### Required work:
Please set down the data word for word; images do not go in the copy.

======== Data segment

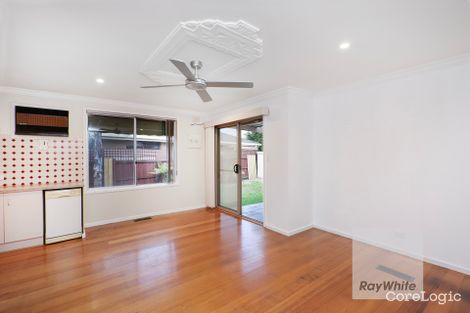 Property photo of 1 Wiltshire Road Gladstone Park VIC 3043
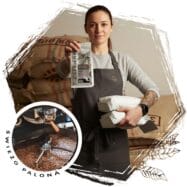 395eb60ef95054267568c277c480556e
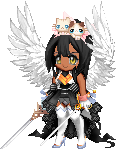 himarichan's avatar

================

### Response to this task:
 Property photo of 1 Wiltshire Road Gladstone Park VIC 3043
 395eb60ef95054267568c277c480556e
 himarichan's avatar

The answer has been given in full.